**** Records for processing

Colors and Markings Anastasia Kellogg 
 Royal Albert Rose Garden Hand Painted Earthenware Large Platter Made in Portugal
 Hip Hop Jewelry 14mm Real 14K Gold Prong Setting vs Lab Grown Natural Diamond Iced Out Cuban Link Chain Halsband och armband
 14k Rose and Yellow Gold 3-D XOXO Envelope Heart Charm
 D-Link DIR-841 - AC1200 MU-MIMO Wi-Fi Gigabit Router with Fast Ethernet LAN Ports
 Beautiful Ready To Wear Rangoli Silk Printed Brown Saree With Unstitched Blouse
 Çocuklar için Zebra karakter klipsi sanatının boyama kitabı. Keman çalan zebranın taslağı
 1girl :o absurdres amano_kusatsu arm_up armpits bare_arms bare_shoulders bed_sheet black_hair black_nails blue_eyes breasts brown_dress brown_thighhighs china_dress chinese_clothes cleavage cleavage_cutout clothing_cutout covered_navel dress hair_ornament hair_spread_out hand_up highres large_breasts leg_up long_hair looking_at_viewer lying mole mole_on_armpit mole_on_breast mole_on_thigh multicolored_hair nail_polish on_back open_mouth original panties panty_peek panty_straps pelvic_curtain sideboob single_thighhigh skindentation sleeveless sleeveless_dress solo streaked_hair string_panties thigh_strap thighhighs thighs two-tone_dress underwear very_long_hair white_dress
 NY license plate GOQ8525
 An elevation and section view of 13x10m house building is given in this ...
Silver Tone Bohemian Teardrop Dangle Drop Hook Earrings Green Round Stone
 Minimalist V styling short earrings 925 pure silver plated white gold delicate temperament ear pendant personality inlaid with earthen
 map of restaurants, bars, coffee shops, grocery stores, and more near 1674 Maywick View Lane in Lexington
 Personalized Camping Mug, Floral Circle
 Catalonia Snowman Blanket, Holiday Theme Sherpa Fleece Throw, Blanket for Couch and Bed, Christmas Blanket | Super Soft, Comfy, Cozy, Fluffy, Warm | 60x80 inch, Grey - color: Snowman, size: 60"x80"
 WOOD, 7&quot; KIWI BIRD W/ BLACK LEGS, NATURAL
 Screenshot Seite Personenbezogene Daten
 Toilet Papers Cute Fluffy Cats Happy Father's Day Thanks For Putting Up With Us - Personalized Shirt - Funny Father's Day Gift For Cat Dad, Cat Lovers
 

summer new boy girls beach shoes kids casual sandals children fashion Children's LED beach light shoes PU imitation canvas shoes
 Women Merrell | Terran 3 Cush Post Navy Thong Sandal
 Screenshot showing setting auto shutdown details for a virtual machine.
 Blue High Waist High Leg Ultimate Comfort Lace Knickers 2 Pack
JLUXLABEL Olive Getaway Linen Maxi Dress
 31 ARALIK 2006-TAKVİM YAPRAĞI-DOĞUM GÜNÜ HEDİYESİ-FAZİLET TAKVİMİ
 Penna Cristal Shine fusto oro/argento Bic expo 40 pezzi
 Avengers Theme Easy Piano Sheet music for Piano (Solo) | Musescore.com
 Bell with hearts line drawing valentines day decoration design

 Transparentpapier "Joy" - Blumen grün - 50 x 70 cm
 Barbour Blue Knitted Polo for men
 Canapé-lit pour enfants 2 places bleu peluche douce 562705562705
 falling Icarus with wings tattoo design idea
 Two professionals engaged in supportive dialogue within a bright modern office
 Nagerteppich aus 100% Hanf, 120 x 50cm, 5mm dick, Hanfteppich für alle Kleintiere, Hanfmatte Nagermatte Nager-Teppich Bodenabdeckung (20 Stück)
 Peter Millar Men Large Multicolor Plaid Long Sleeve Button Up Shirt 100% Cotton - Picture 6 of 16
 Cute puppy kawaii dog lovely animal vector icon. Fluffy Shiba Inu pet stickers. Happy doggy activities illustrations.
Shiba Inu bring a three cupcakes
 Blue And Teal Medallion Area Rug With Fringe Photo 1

********

Task item: Every line of the records above where the string "Rose" is found should be copied.

Expected output:
 Royal Albert Rose Garden Hand Painted Earthenware Large Platter Made in Portugal
 14k Rose and Yellow Gold 3-D XOXO Envelope Heart Charm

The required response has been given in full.